Au-delà de l’inversion de la culpabilité, le vocabulaire des violences sexuelles masque aussi souvent les faits. Dans les médias, certaines affaires sont affublées de surnoms comme le « procès des tournantes », qui évoquait des viols en réunions sur deux jeunes filles mineures, ou le « violeur des parkings », qui désignait un homme qui a commis au moins dix-huit viols. « On parle de "tournante" mais ce n’est pas un jeu [au ping-pong, on parle d’une tournante quand plusieurs joueurs s’échangent des balles en courant autour de la table], c’est un viol en réunion. On parle de "violeur du parking", mais ce n’est pas des parkings qu’il viole », s’agace Emmanuelle Piet qui ajoute que le Collectif féministe contre le viol travaille sur le vocabulaire qui entoure les violences sexuelles et a énoncé des recommandations dès 1986.
« Cette banalisation du vocabulaire, c’est toute une banalisation du mal, comme le disait Hannah Arendt [une philosophe américaine] », analyse la linguiste Véronique Perry. « Ces mots ont de l’importance parce que minimiser le crime ou camoufler les victimes, ça aboutit toujours à la même chose : protéger les agresseurs », estime Emmanuelle Piet. Pour la présidente du Collectif féministe contre le viol, utiliser des mots comme « auteur » plutôt qu'« agresseur » ou « pédophile » plutôt que « violeur d’enfants » minimise les faits. « Il y a une glamourisation du viol à tous les niveaux dans le choix du vocabulaire » mais aussi dans la culture comme « les films ou les publicités », dénonce Giulia Foïs. C’est ce qu’on appelle la culture du viol.
La femme, cet « objet »
« Chaque mot est un préjugé », écrivait le philosophe Friedrich Nietzsche. Et la « glamourisation du viol » se tapit déjà dans le vocabulaire du sexe. On dit « tirer un coup », « se taper une femme », « défoncer une femme ». Des expressions qui s’alimentent du vocabulaire militaire. Un vocabulaire violent, guerrier. Un vocabulaire de conquête. Dans ce vocable, la femme n’est jamais le sujet. Ce n’est (presque) jamais elle qui « prend » l’autre, qui « baise » l’autre, qui « fait » l’action. Comme si, dans la sexualité hétéronormée, la femme n’était qu’un objet qu’on possède. On « se fait une femme », comme on « se fait un McDo ». Et c’est bien une question de genre. Car si les hommes sont parfois aussi violés, c’est dans des proportions infiniment moins importantes que les femmes et les violeurs sont à 98 % des hommes. « Dans ces mots-là, il y a déjà une forme de légitimation du viol », dénonce la linguiste Véronique Perry. La sexualité et le viol n’ont évidemment rien de commun. Il est question de violence. Mais dans le cadre d’un viol, « le lieu du crime et l’arme du crime, c’est le sexe », souligne Giulia Foïs. Et le viol est un crime qui dépossède les victimes.

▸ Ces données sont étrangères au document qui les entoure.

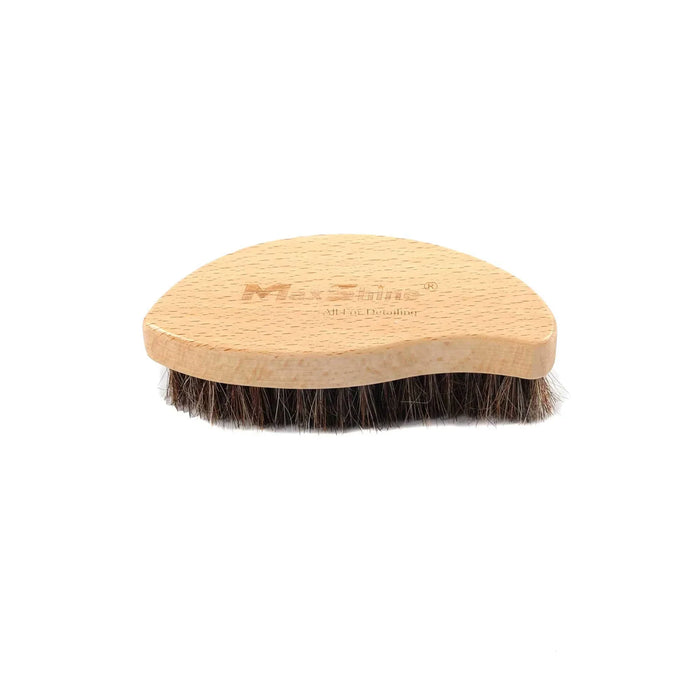 Brosse à Cuir et Alcantara · finition intérieur · D.A.D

« De sujet, on devient objet. Il faut accepter qu’on a été réduite à l’état d’objet », explique la journaliste. Or, dans le vocabulaire sexuel courant, la femme est déjà réduite, verbalement, à l’état d’objet. Et c’est très ancré dans les rituels sociaux. « Aux Etats-Unis, on parle de "date rape", c’est une ritualisation consumériste : je te paye le restaurant donc tu couches avec moi. C’est un contrat tacite qui pousse les femmes à céder », illustre Véronique Perry. « Les femmes ne sont qu’objets, c’est la culture du viol », synthétise Emmanuel Piet. Débattre des bons mots, de la bonne terminologie, de la juste verbalisation de ces violences sexuelles est souvent perçu comme un sujet secondaire.
Parfois même risible. « On trouvera toujours des gens pour dire que l’on se trompe de combat », souligne Giulia Foïs. « Mais tant qu’on dira "elle s’est fait violer", on confortera l’inconscient collectif dans l’idée qu’elle est en partie coupable. Il faut qu’on fasse très attention aux mots que l’on emploie pour enfin arriver à une juste représentation. Le viol est une violence et une violence de masse. Et avec 0,6 % de condamnations, la lutte se mène à tous les étages », conclut l’autrice de Je suis une sur deux.